Assim, as metodologias do Ensino Religioso, não diferentemente das demais
disciplinas escolares, serão buscadas no campo das metodologias educacionais da
atualidade. A BNCC propõe a adoção de metodologias educacionais ativas para o
desenvolvimento das aulas de Ensino Religioso, conforme o texto evidencia:
No Ensino Fundamental, o Ensino Religioso adota a pesquisa e o diálogo
como princípios mediadores e articuladores dos processos de observação,
identificação, análise, apropriação e ressignificação de saberes, visando o
desenvolvimento de competências específicas. (BRASIL, BNCC, 2017,
p.436)
CONSIDERAÇÕES FINAIS
O grande feito da BNCC para o Ensino Religioso é a definição do lugar
epistemológico dessa disciplina escolar, ligando-a à(s) Ciência(s) da(s) Religião(ões)

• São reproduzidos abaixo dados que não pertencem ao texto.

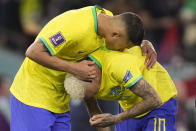 Brazil's Neymar is embraced at the end of the World Cup quarterfinal soccer match between Croatia and Brazil, at the Education City Stadium in Al Rayyan, Qatar, Friday, Dec. 9, 2022. (AP Photo/Darko Bandic)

e definindo que seu objeto principal de estudo é o Conhecimento Religioso,
substrato do Fenômeno Religioso.
O documento também estabeleceu uma série de conceitos-chave para se
trabalhar esse objeto de estudo em sala de aula, já observando o tratamento
didático necessário, além de apontar o lugar desses saberes na progressão
longitudinal do currículo. Com isso, foi dado um grande passo, apesar de algumas
dúvidas ainda pairarem sobre o tema, em especial no que tange à metodologia, que
merece mais estudos.
Portanto, ministrar Ensino Religioso no Brasil, seguindo o que se propõe na
BNCC, exige do profissional da educação, em primeiro lugar, um trabalho intelectual
de apropriação dos saberes da(s) Ciência(s) da(s) Religião(ões), no geral pouco
conhecida dos docentes, por tratar-se de uma área bastante nova na academia
brasileira. Em segundo lugar, há a necessidade de um esforço para se realizar a
transposição desses saberes para a linguagem da sala de aula, exigindo nesse
período inicial, que se busquem e desenvolvam metodologias que deem conta das
habilidades que se propõe desenvolver em cada etapa do Ensino Fundamental.